Collected material Block Start

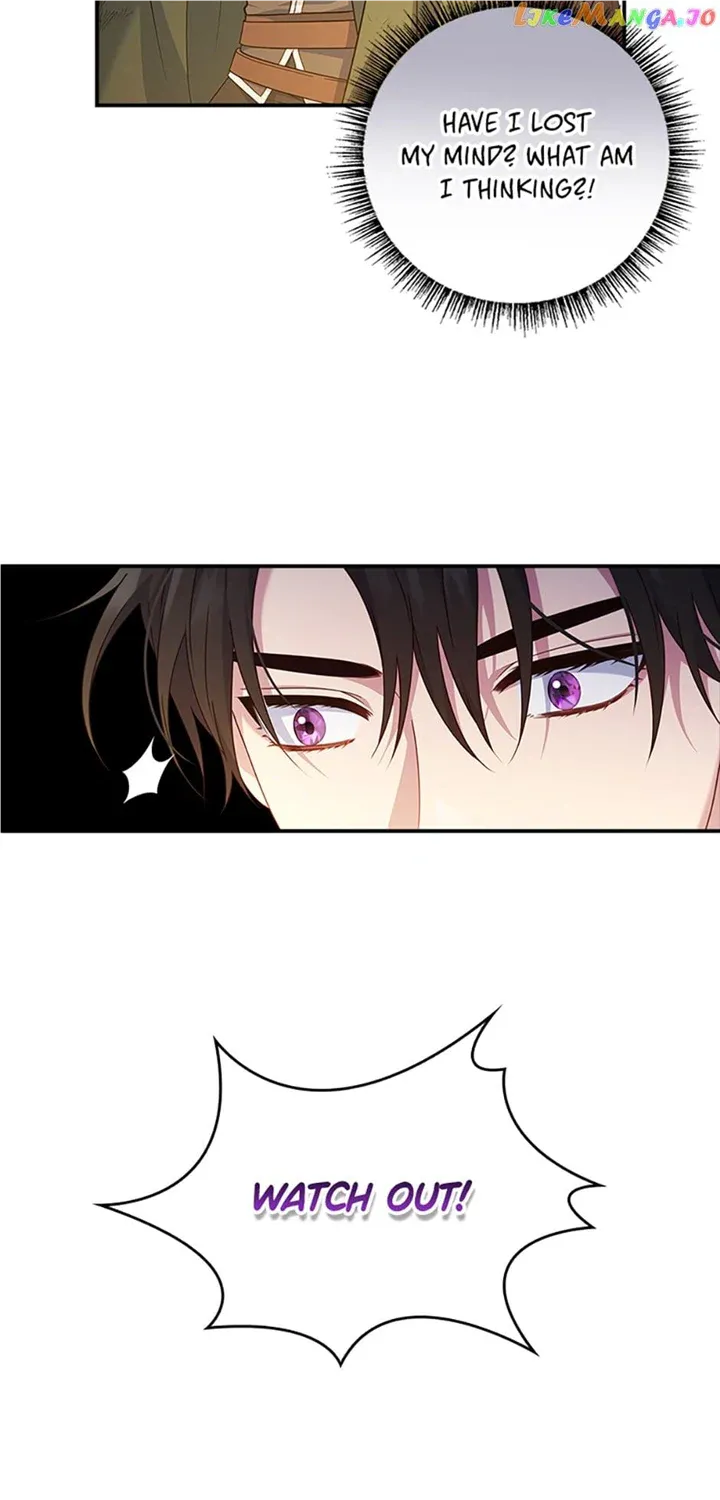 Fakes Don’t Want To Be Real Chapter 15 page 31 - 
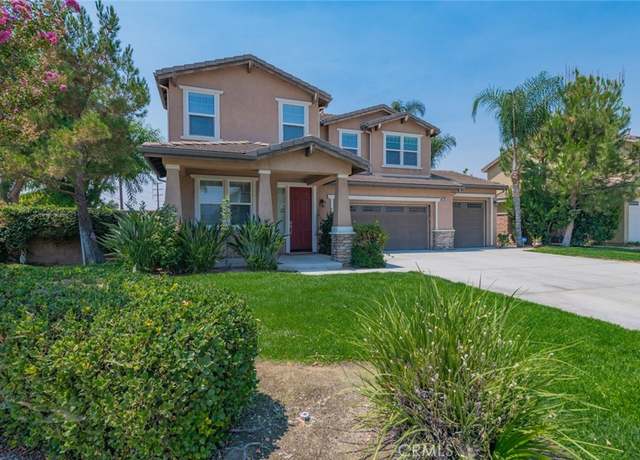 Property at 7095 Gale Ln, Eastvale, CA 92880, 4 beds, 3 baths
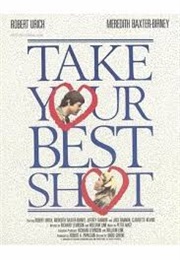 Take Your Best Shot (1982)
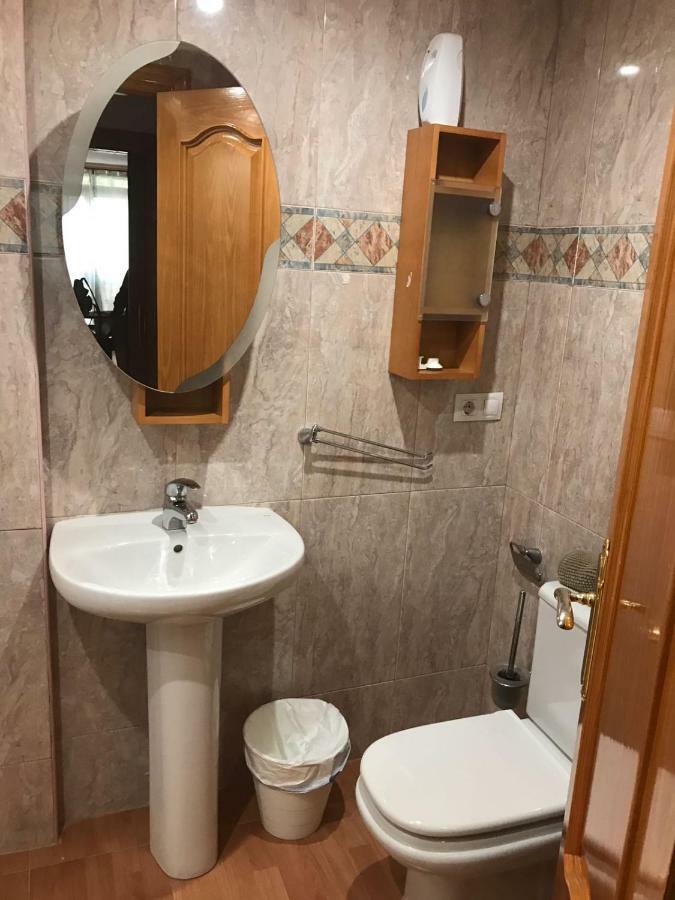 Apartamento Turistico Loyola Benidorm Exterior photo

Collected material Block End

● **What to work on**
Without any of its images, the data above should be returned exactly.

● **Task answer**
 Fakes Don’t Want To Be Real Chapter 15 page 31 - 
 Property at 7095 Gale Ln, Eastvale, CA 92880, 4 beds, 3 baths
 Take Your Best Shot (1982)
 Apartamento Turistico Loyola Benidorm Exterior photo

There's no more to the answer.